We absolutely loved Colombia, and during the nearly seven weeks we spent there, it continued to surprise us. Who knew Colombia has mountains higher than those in the the Canadian Rockies, snowy volcanos, gorgeous beaches, modern metropolitan cities, quaint little towns, beautiful coffee fincas (well, I guess I sort of suspected this one), etc., etc., etc., all so diverse and all within a relatively short travelling distance from one another? I certainly didn't.

We also loved the Colombian culture and learning about Colombia's devastating and somewhat recent political strife. The following is an old saying about Colombia, which I think is very fitting:
When God was creating the world, He put gold into South Africa, some was left over, so He threw it into Colombia. He put coal into Appalachia, but there was some left over, so He threw it into Colombia. Then God distributed minerals like Iron and Nickel, again there were some left over, so He threw them into Colombia. Brazil received tropical fruits and Emeralds, there were some of these left over too, so He threw them into Colombia.
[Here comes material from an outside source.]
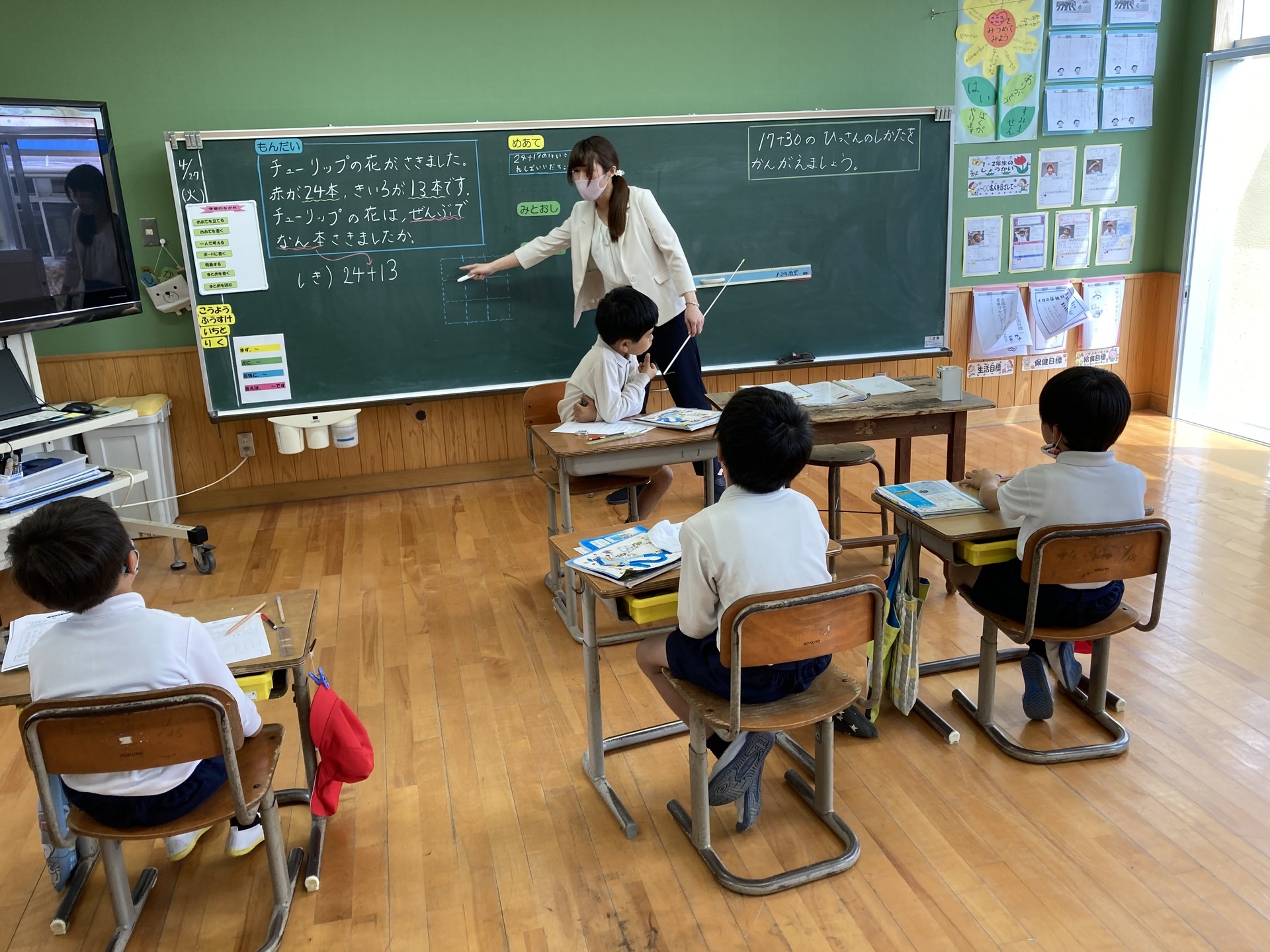 今年初めての授業参観: 松ヶ浦小学校ブログ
The Middle East got a pot full of oil; the remainder God poured into Colombia. Flowers went into the South Pacific islands, there were some of these left over as well, so He threw them into Colombia. "Wait a minute," a watching angel said to God. "Do you realize that you’re making Colombia one of the most powerful nations on earth?" "Yes," God replied, "but don’t worry, I haven’t given them their politics yet.
I think that Kevin's blog posts and our pictures have done a good job of describing our time in Colombia, but I thought I would summarize our time there in the form of the following list entitled, the "Top 3 Things Kevin Missed":

1. People

As a whole, the Colombian people seemed to be incredibly friendly, vibrant and full of life. Seeing individuals singing to themselves and dancing as they walk down the street was not an uncommon sight. At first, we would find ourselves, with our North American levels of modesty, feeling somewhat embarrased when viewing these level of gregariousness, but have grown to love it, and I know it is this type of transparent "love of life" that we will miss when we return home.
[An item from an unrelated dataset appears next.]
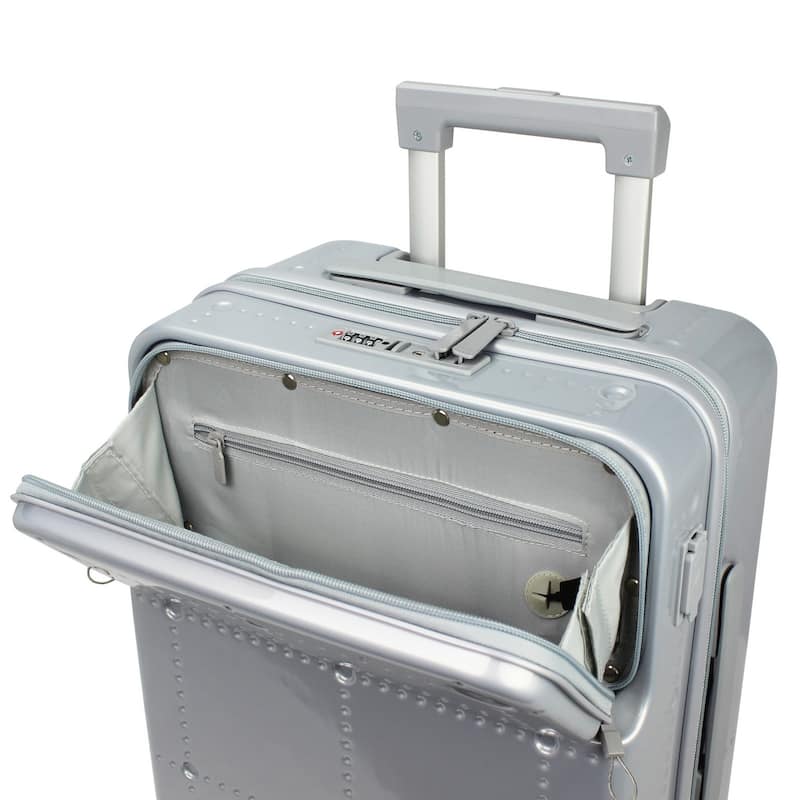 Smart Lightweight Carry-On Luggage with USB-A & USB-C Ports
Although the majority of the people we encountered seemed happy, we could also tell that Colombia's huge levels of poverty and recent political struggles have taken their toll on many. The levels of poverty we experienced were alarming and we were shocked at how many people we spoke with asked us how they could get a VISA to move to Canada as wanted to "get out". Very sad.

2. Food

We were a bit torn on the food situation in Colombia. While we absolutely loved, and will miss, some of the local foods, others left something to be desired. The cheap access to tropical fruits was more than I have experienced on any of my travels, including the time I spent in South-East Asia, so that was a definite plus. Also, a lot of the street eats were pretty good (although we did tire of them, arepas (corn and flour patties stuffed with cheese, chicken, etc.) provided us with numerous budget dinners). Another pro were the desserts. My absolute favourite treat was a cookie made of nothing but arequipe (caramel) and coconut... unreal.
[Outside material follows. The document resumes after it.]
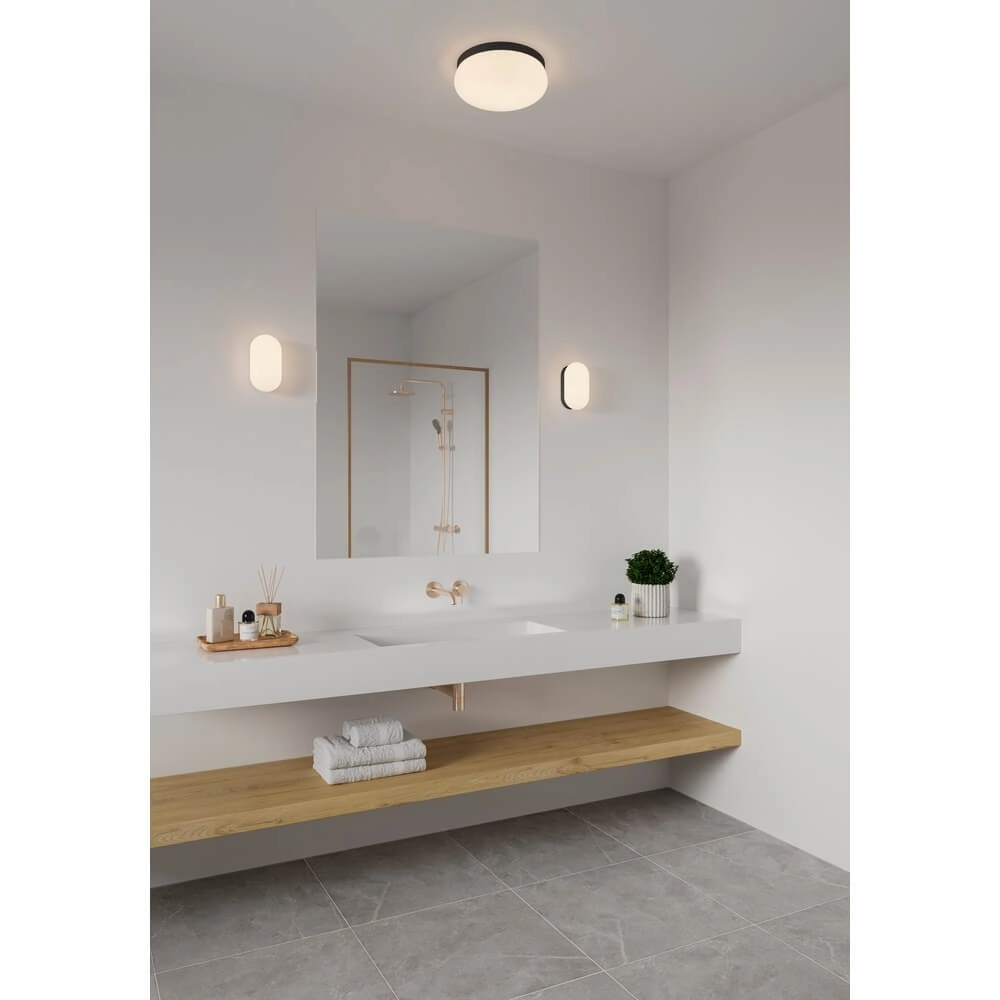 Plafondlamp Foam zwart ovaal Nordlux 5704924012563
That is about where the good ends. Colombians love to deep fry everything and anything and it is not uncommon to have four starches (all deep-fried) in a single plated meal. Even Kevin, who back home thinks of fried foods as somewhat of a treat, has said he never wants to see anything deep fried again. We are now in Peru and already notice the numbers of street-side pots of boiling oil are sharply reduced.

3. Our Favourites

Our top three favourite places/experiences in Colombia would have to be, in no particular order, our time in Bogota, Salento and the Lost City Trek.

Bogota is such a diverse city, where you can walk down the same street and be surprised by how modern it is and then a few steps later, saddened by signs of poverty. We also liked "living" in a city for more than a few weeks, where the people at our favourite markets would recognize us, and where we could explore different neighborhoods and meet numerous people.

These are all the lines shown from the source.